Fort contrariée ELLE ne souhaitait pas du tout se joindre à eux, malheureusement la proposition n'autorisait aucune contestation, - le père n'acceptait aucun refus, en ces temps-là à dix-neuf ans on devait encore l'obéissance totale aux parents, car la majorité n'était qu'à vingt et un ans.
Les douze cents kilomètres jusqu'à Venise ont dû se passer sans grands évènements, aucun souvenir n'est resté gravé dans sa mémoire. Encore chargé de bagages la première halte se devait la Place Saint Marc pour donner du grain à moudre aux pigeons. Pourquoi fallait-il suivre cette tradition incontournable et indestructible; depuis des temps immémoriaux, c'était au Sénat de Venise de prévoir à l'entretien des pigeons avec le blé des greniers publics ? La République vénitienne terminée, ce devoir a été transmis aux seuls et nombreux touristes.
Donc le cauchemar commence : sa mère savait pourtant qu'Elle avait cette forte angoisse de tout ce qui venait d'en haut, angoisse que les parents traitaient de manie déplaisante - avions ou oiseaux lui faisaient la même peur depuis la guerre; mais il fallait absolument acheter un cornet de graines à distribuer à ces bestioles et en faire la photo obligatoire avec les pigeons virevoltant autour d'elle; un de ces oiseaux déposa même le produit de sa digestion sur son épaule.
Juste une remarque :
En 2008 et en raison d'affreux dégâts la municipalité de Venise interdisait enfin et sous peine de cinq cents € d'amende, de nourrir ces volatiles en ville et sur cette Place St. Marc.

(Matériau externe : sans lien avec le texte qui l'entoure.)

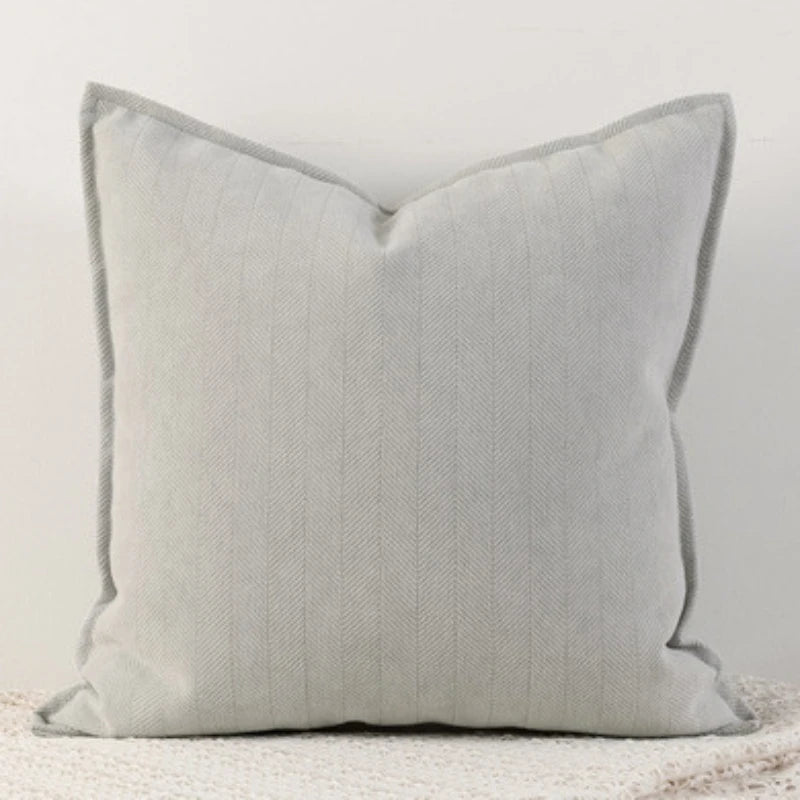 Coussin décoratif gris avec un motif de chevrons sur une surface blanche lisse.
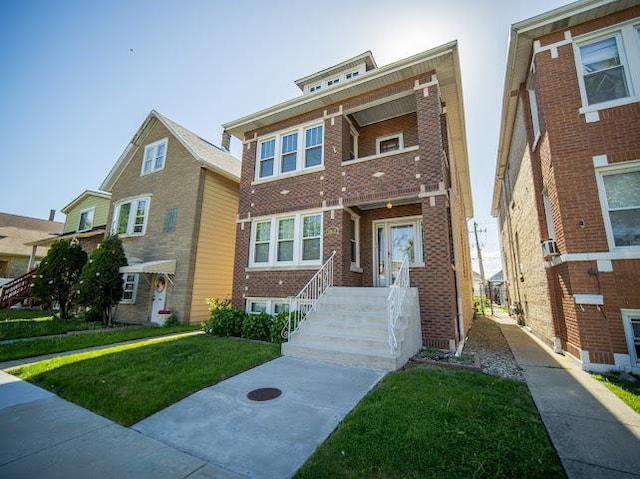 4912 S Komensky Ave, Chicago, IL 60632 - view of front of property with brick siding and a front yard
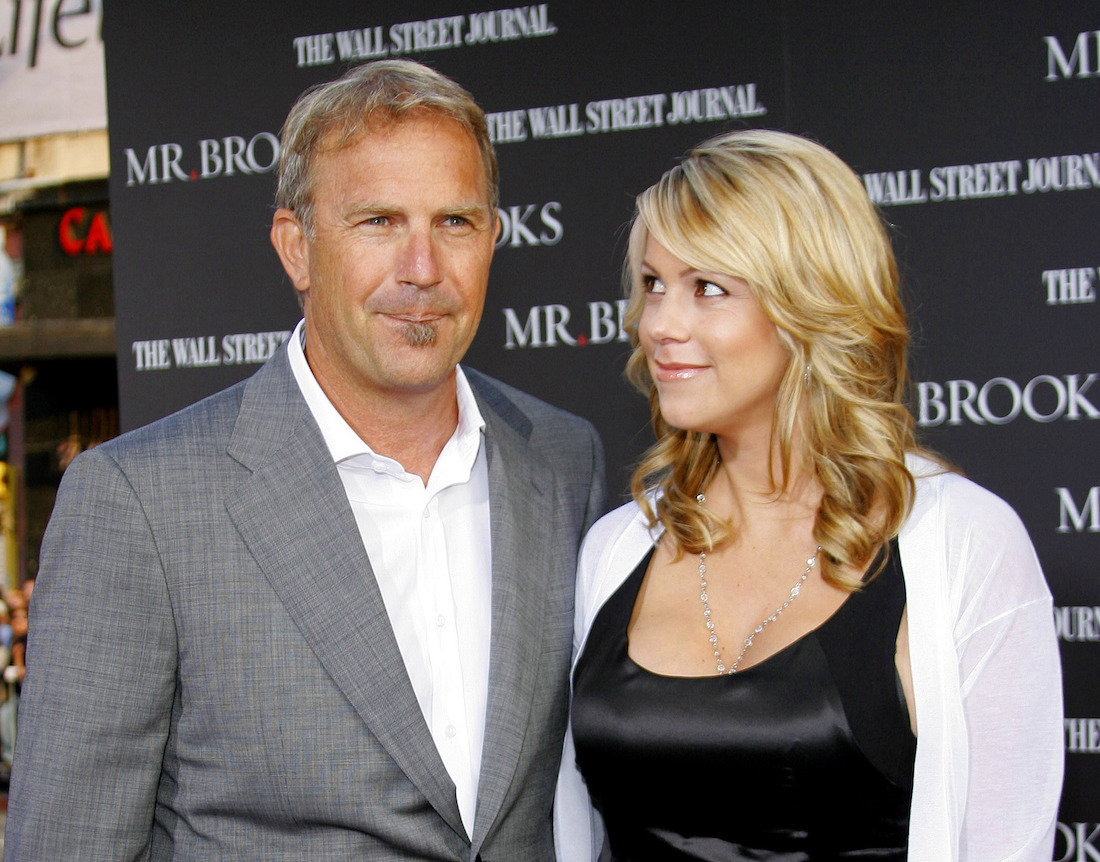 Kevin Costner and Christine Baumgartner at the premiere of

Si conosce solo un esemplare
Mais le pire allait encore venir : dénicher un gîte à Venise en septembre sans avoir réservé - même en 1959 ce n'était pas facile - l'Office du Tourisme donnait alors une "adresse chez l'habitant".
Pour la trouver on faisait une interminable "visite non guidée" le long de canaux malodorants. Où avait-on laissé la voiture ? certainement très loin. Se promener à Venise peut être un véritable plaisir sans la circulation automobile; et cette obligation piétonnière est justement la raison pour laquelle on se charge de sacs et de valises que l'on ne veut pas laisser dans la voiture garée au loin. (annotation : en 1959 il fallait encore porter les valises à bout de bras. Aujourd'hui la plupart des valises modernes sont équipées de roulettes et d'une poignée rétractable appelée « traîneau » qui facilite leur déplacement sur les surfaces planes. Toutefois, l'utilisation de ce système n'a été généralisé qu'au milieu des années 90. - La société Delsey sortait en 1972 la première valise à roulettes - source: Wikipedia)
Il paraît que l'on ne met que trente-cinq minutes pour traverser Venise du Nord au Sud; alors, sur le plan de ville remis par l'Office du Tourisme d'antan, Venise était dessinée plus large que haute, et cette traversée-là guidée par un "père sachant" se faisait probablement d'Ouest en Est ou même en diagonale. Alors les ruelles semblent sans cesse se multiplier, il faut trouver le nom du quartier, le nom de la rue, et la maison numérotée selon le quartier; le père affirme pourtant qu'il connaît bien Venise, mais qu'ils ont dû changer les numéros depuis sa dernière venue.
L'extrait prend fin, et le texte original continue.